U.S. machine shops and other manufacturers cut their new equipment orders by 25.2% in January, falling to $360.31 million million for the month, versus the revised total of $488.34 million for December. The new result however improved 1.3% on the January 2013 result, $360.31 million.
The new results are included in the monthly U.S. Manufacturing Technology Orders report, issued by AMT - The Association For Manufacturing Technology, which compiles data on nationwide and regional orders data for domestic and imported machine tools and related equipment.
“While monthly order totals are down from December, January is always a soft month and more so this year due to an unusually harsh winter,” observed AMT president Douglas K. Woods. “Overall the news for manufacturing remains positive, with an improving housing market and strong indicators for near-term capital investment.
“We are still optimistic for a strong 2014 and 2015 for manufacturing technology orders, especially as we move through an IMTS year,” Woods emphasized.

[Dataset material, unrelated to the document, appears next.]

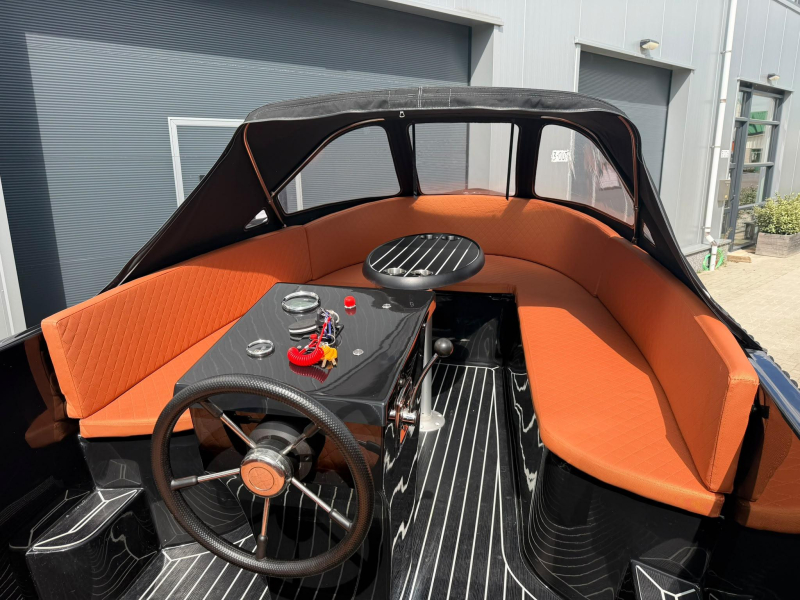 Admiral 570 Tender — foto 6 van 12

The biennial IMTS event may be expected to guide machine shops’ capital spending plans. During the last staging in September 2012, the USMTO report rose 40.7% for the month to $667.47 million, which remains the recent high point in monthly machine tool orders.
AMT tracks orders for metal cutting equipment separately from metal forming and fabricating equipment, with the combined figure representing the monthly total.

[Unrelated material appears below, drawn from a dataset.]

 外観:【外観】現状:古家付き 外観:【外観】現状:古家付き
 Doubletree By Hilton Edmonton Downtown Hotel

The data in the USMTO report are based on the totals of actual data reported by companies participating in the USMTO program.
Regional Imbalances
However, due to changes in survey participants the year-over-year comparison for metal forming and fabricating is not an accurate reflection of the data for some of the six regions covered by the report. The overall report is adjusted to take the change into consideration, though actual data is not available in some sections.
The Northeast region is one of the three for which reporting is inconsistent. The results show orders for metal cutting equipment totaled $52.07 million during January, down 16.7% from the previous month, but 7.9% higher than the regional result for January 2013.

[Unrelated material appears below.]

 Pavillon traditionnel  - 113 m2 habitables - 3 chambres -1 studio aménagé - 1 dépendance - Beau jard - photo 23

In the Southeast, manufacturers ordered $37.36 million, worth of new machining equipment, down from the December total by 17.8%, up 8.9% when compared with the January 2013 total.
The North Central-East region reported January manufacturing technology orders totaling $92.84 million, a 32.3% drop from December, and a 9.5% decline from the January 2013 order total.
The North Central-West region returned new orders totaling metal cutting equipment orders of $54.61 million, a drop of 43.7% from December and 18.0% from January 2013.
The South Central region had metal cutting equipment orders of $51.46 million for January, down 29.6% from December and down 24.6% from January 2013.
Finally, in the West region, new metal cutting machine orders were up 11.2% from December, to $74.59 million. That result was 96.9% higher than the January 2013 total.